Sort all files in a folder independently, with an output file for each

0

I have several folders that contain numerous text files, ranging from tens to 100s. These text files are simple databases containing millions of lines, with each line containing a single record. However, the records in them are unsorted and contain many duplicates. I'd like to to sort and de-duplicate them all individually (i.e. independently of each other), but to my understanding, sort can only produce a concatenated output of all input files - that is, even if given multiple files, it will only produce one output file containing the combined results of all those files.

How can I sort all files in the current folder to produce an individually sorted output file for each one? I'd also like for the output files to be outputted to a subfolder within the current directory. A for loop is the obvious solution to me, but I'm asking here in case there's some simpler way to do this with sort that I've not come across or missed. My bash knowledge is also very lacking, so if a for loop is the simplest solution, I'd appreciate someone providing the best way to go about that rather than me spending many days hacking something together that would still fall short of what I want to do.

Hashim

Posted 2018-09-12T23:17:31.103

Reputation: 6 967

sort -u provides a single record list. – matzeri – 2018-09-13T09:26:17.147

@matzeri Are you trolling? – Hashim – 2018-09-13T16:29:20.487

Answers

1

Yes, you can do this with for. Even if there is "some simpler way to do this with sort" (but I don't think so), this is also quite simple:

# cd to the directory you want to process

mkdir sorted    
for file in *; 
do
   printf 'Processing %s\n' "$file"
   [ -f "$file" ] && sort -u "$file" > "./sorted/$file"
done

Notes:

  • for file in * doesn't process files in subdirectories.
  • printf is only to report progress. In fact it should be placed after [ ... ] (see below) but I don't want to overcomplicate the code.
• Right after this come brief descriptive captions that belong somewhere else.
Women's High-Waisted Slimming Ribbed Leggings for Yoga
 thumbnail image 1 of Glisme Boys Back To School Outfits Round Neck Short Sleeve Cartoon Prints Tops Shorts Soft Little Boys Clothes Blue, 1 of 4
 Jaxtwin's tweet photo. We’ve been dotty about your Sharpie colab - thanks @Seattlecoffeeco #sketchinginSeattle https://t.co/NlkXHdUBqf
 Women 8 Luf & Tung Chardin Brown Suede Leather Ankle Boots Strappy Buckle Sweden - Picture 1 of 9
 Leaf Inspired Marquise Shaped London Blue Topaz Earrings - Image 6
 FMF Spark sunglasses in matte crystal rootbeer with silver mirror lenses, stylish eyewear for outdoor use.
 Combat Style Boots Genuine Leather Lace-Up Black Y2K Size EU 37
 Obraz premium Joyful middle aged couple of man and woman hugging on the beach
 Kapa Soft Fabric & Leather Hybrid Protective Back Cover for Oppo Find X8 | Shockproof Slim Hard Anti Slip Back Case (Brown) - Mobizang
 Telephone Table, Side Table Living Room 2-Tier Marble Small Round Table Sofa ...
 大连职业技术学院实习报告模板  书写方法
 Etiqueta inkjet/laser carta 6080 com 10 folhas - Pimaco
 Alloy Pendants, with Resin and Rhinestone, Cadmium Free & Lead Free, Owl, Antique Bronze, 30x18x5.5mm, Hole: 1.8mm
You can just remove the printf line, if you want the whole thing to be silent.
  • [ -f "$file" ] checks if $file is a regular file. With the most general pattern (i.e. *) we need this condition at least to avoid running sort with the sorted directory as an argument (this would throw an error, harmless but non-elegant). Most likely this test won't be needed if you use a more specific glob like *.txt or *.db instead of * (e.g. to skip a stray desktop.ini file that shouldn't be processed). In this case you can omit [ ... ] && and start the line with sort (leaving the line intact shouldn't hurt though).
  • sort supports various options and you may want to use some of them, depending on how you need to sort.

  • sort -u de-duplicates entries right after sorting them, and when already using sort is a less redundant alternative to using the uniq command.

If you needed to pick files according to conditions more complex than a simple glob, find might be better to start with. For your current task for should be fine.

Kamil Maciorowski

Posted 2018-09-12T23:17:31.103

Reputation: 38 429

This looks perfect, thank you so much. There is a part of the code that I'm a little confused on - where does the [ -f "$file" ] come from? That is, what command does the -f parameter belong to, and what exactly do the square brackets mean? I haven't seen that sort of syntax used in a bash file before, at least not in this context. – Hashim – 2018-09-13T19:09:05.153

Okay, I found my answer here that it's synonymous with the test command: https://stackoverflow.com/questions/28036052/what-does-f-mea, but for clarification, what exactly does this mean? That [ ... ] is shorthand for the test command?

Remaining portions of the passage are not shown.